Physics is local. The two great pillars of Twentieth Century science, general relativity and quantum mechanics, can be viewed as supplanting the mysticism of ``action at a distance''  and ``force fields,'' by such mundane, self-evident, and intuitive mechanisms as the Riemann curvature tensor, virtual gluons, and the Higgs field. Both of these theories describing the universe in the large and the very small (albeit in mathematically incompatible ways), tell us that all the complex fabric of events we observe are consequences of individual particles locally responding to conditions directly affecting them, whether moving along geodesics in curved spacetime or undergoing interactions through particle exchange. Both theories have withstood all experimental tests to date, including many thought impossible when they were originally propounded.

A cellular automaton (CA) is a mechanism for modeling systems with local interactions. A cellular automaton is a regular lattice of cells with local state, which interact with their neighbors subject to a uniform rule which governs all cells. The neighborhood (the set of cells whose state can affect a given cell at one instant) can be classified by the dimensionality of the automaton (most experimentation is done with one- or two-dimensional automata), and by the geometric fashion in which cells are interconnected.

The rule is the ``program'' that governs the behavior of the system. All cells apply the rule, over and over, and it is the recursive application of the rule that leads to the remarkable behavior exhibited by many cellular automata. When experimenting with cellular automata, one is primarily engaged in defining new rules which lead to interesting or useful behavior. The programs in the Rudy Rucker CA Lab from Autodesk are tools for the person engaged in such experiments. Our programs allow you to create a rich set of rules and experiment with their behavior without requiring the purchase of expensive special-purpose hardware.

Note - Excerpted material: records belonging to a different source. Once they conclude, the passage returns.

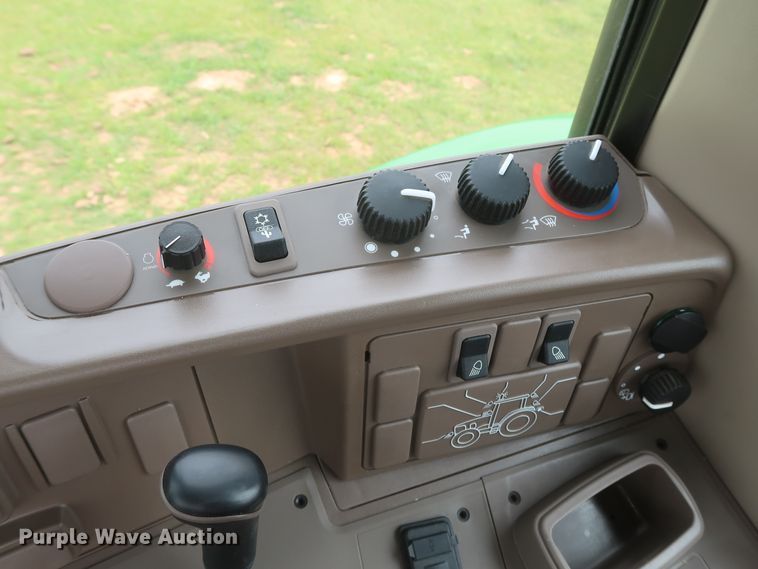 image for item DH0864 2017 John Deere 6175M MFWD tractor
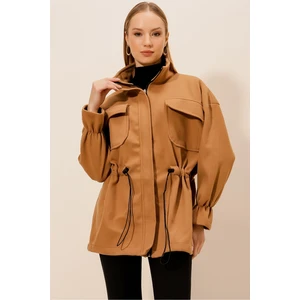 Fermuarlı Beli Lasikli Kaşe Kaban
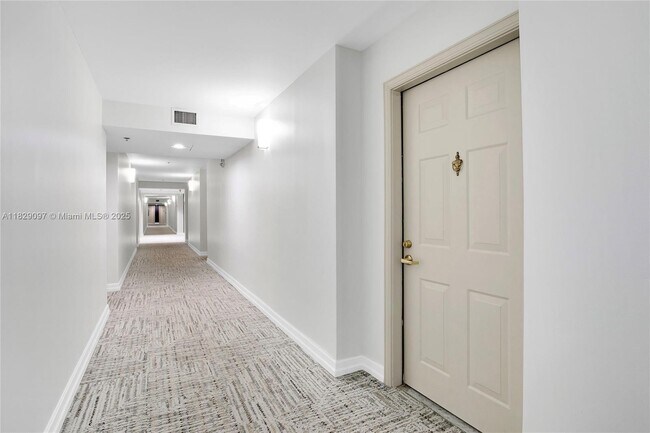 Building Photo - 2665 SW 37th Ave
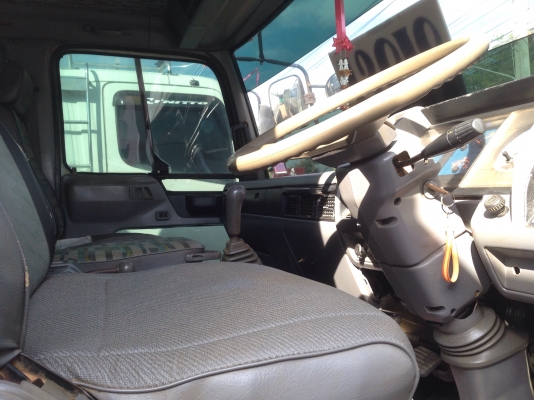 ขาย  3m  เครื่องเดิมเกียเดิม  สโลเดิม  สวยสด  ขยตามสภาพรถไม่มีที้ติรับประกันโดยเฉพาะคัสซี เดิมไม่สาดสีกับภายในกริบครับ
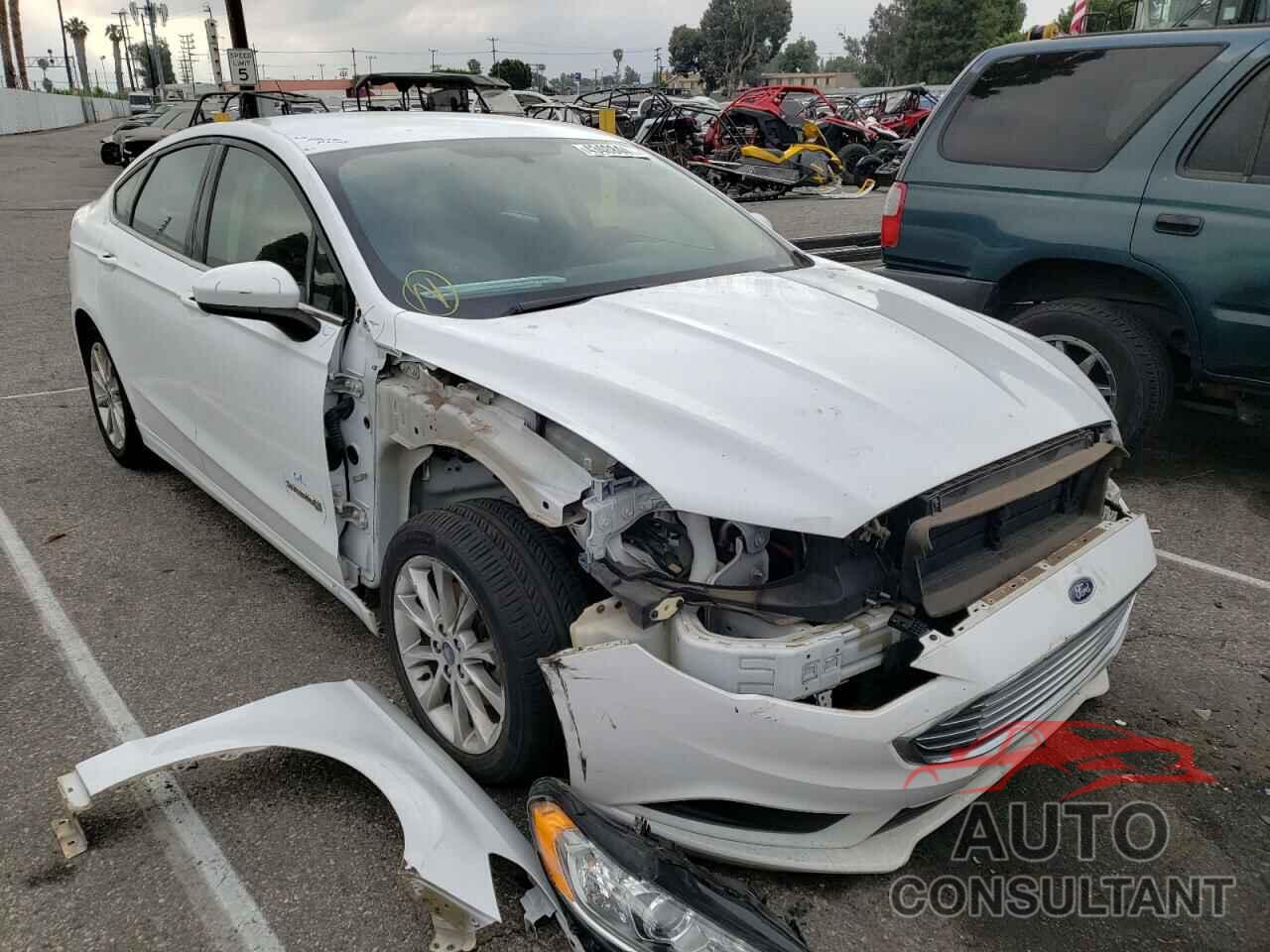 FORD FUSION 2017 - 3FA6P0LUXHR224835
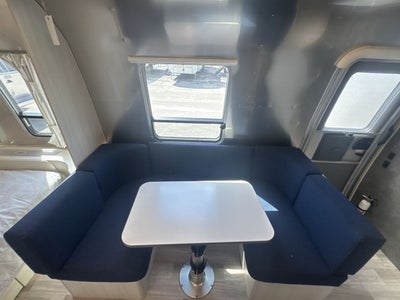 2025 Airstream 22FB Base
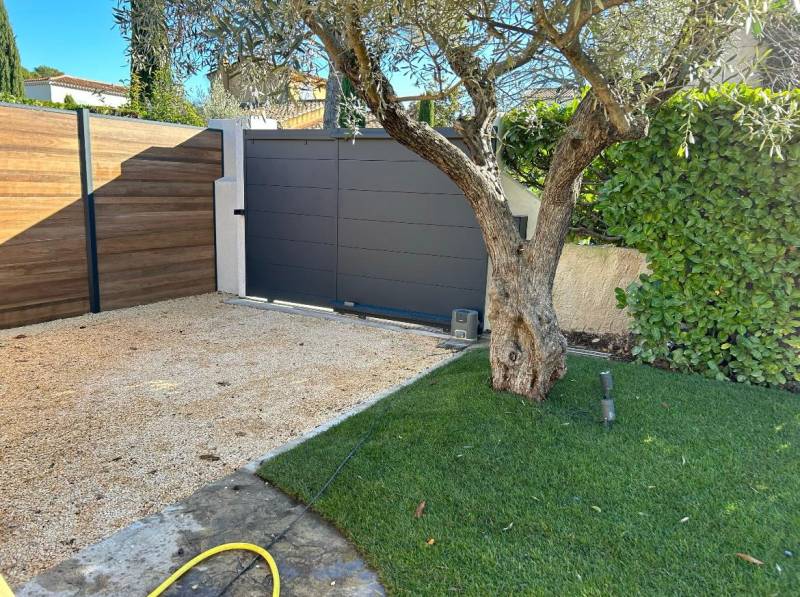 Aménagement extérieur avec un  Portail Télescopique en aluminium réalisé par Daniel Môquet Aix-en-Provence à Venelle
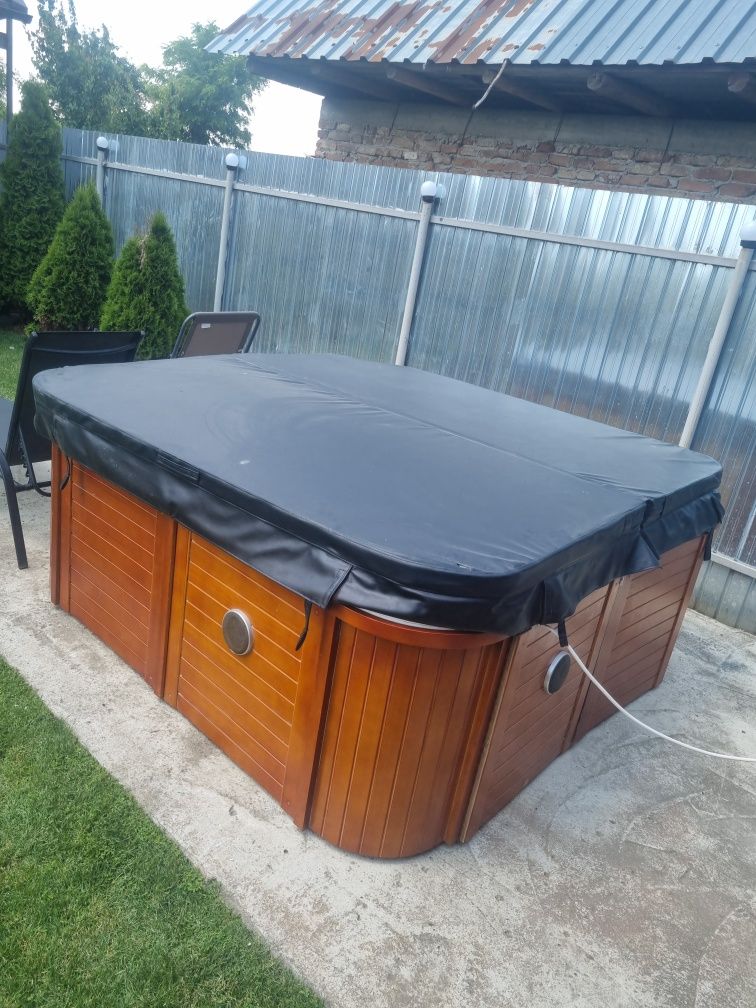 DE vânzare jacuzzi de exterior model w-193 luat de nou nefolosit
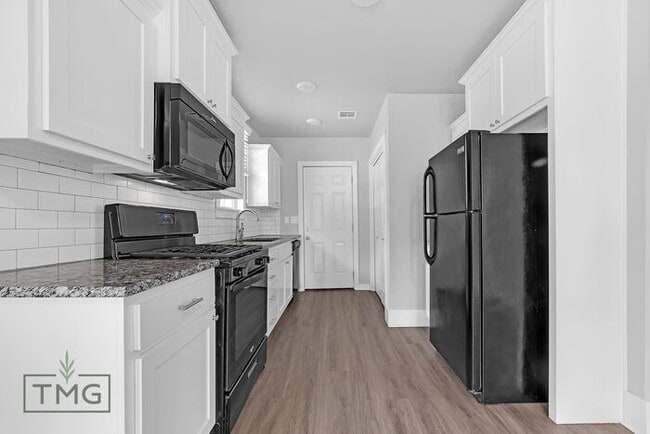 Building Photo - Completely Updated 2 Bed/2 Bath!
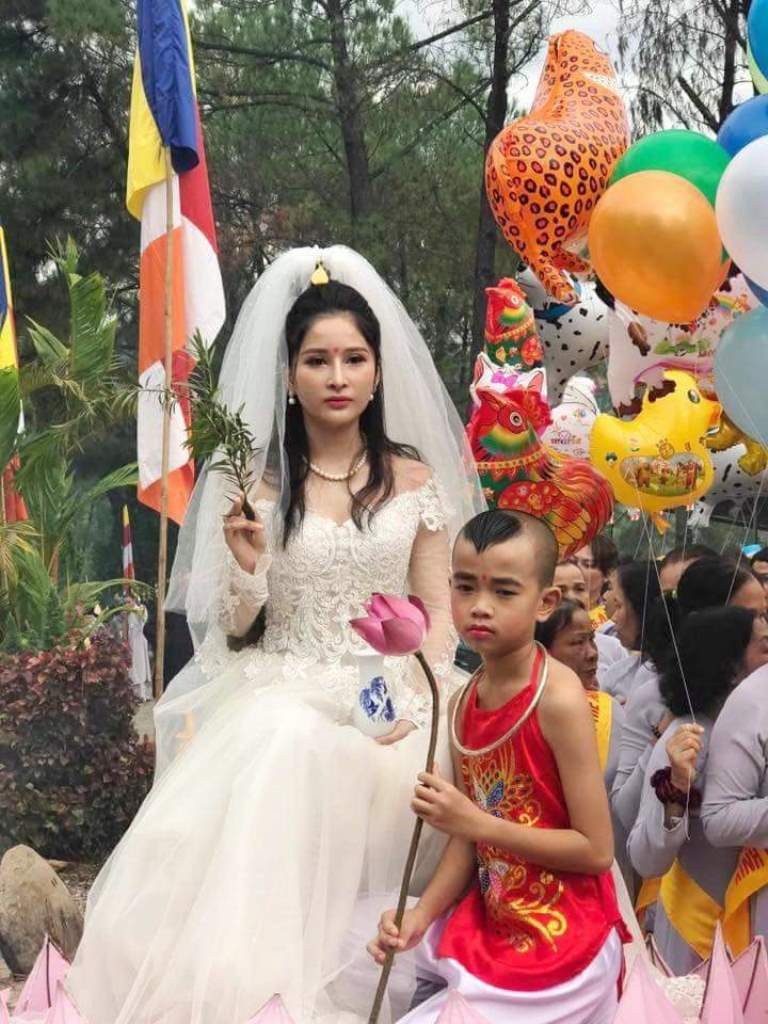 Bí quyết chọn váy cưới để cô dâu trở thành tâm điểm bữa tiệc | Vietnam+  (VietnamPlus)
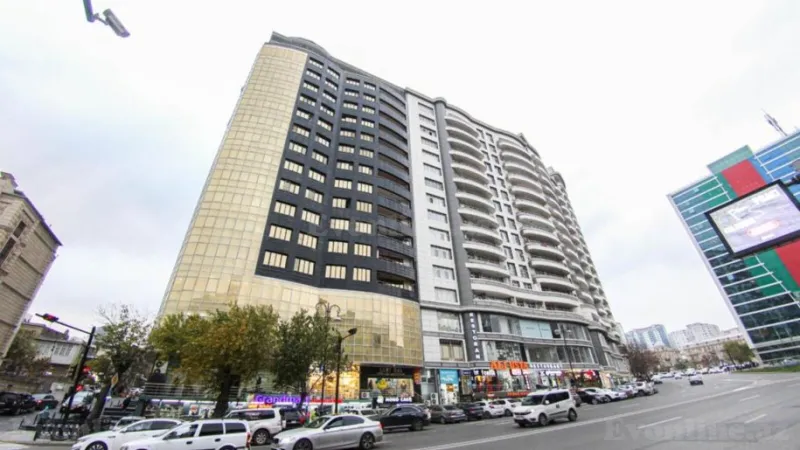 3 otaqlı Mənzil 116 m² Nizami m. Kirayə verilir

Cellular automata appear to be abstract and devoid of practical applications, much as was said of computer graphics not long ago. If you want to model a universe which seems to be made up of particles which interact locally, there are two basic ways to go about it. The first is to create a huge array of numbers that represents the interacting items, then find the biggest number cruncher you can lay your hands on and set it gnawing away at the problem. The supercomputer boom, fueled by applications of this approach to weather prediction, computational fluid dynamics in the transonic and hypersonic regimes, plasma dynamics, and an almost endless list of other applications testifies to the effectiveness of this approach.

But maybe there's another way. Until recently, cellular automata were primarily a theoretical tool. The price of a cellular automaton with uniform edge size increases as the nth power of its size, where n is the dimensionality of the cellular automaton. This gets out of hand rapidly, even if you're only working with two dimensional cellular automata. Therefore, although they may be the way the universe is really assembled and therefore worthy of study, no one would consider building one!

Hardware realizations of cellular automata, such as the CAM-6 board, have been built. The CAM-6 is not a true cellular system; it emulates one by using a fast RAM array and a look-up table, but it permits exploration of a rich set of cellular automata with performance adequate to study their behavior in detail. The CAM-6 is a highly effective tool, but it is, at $1,500, an expensive one. It's priced out of the reach of many creative people who should be exploring cellular automata. It was the desire to make cellular automata experimentation available at a low price to a large number of people that spurred the development of this product.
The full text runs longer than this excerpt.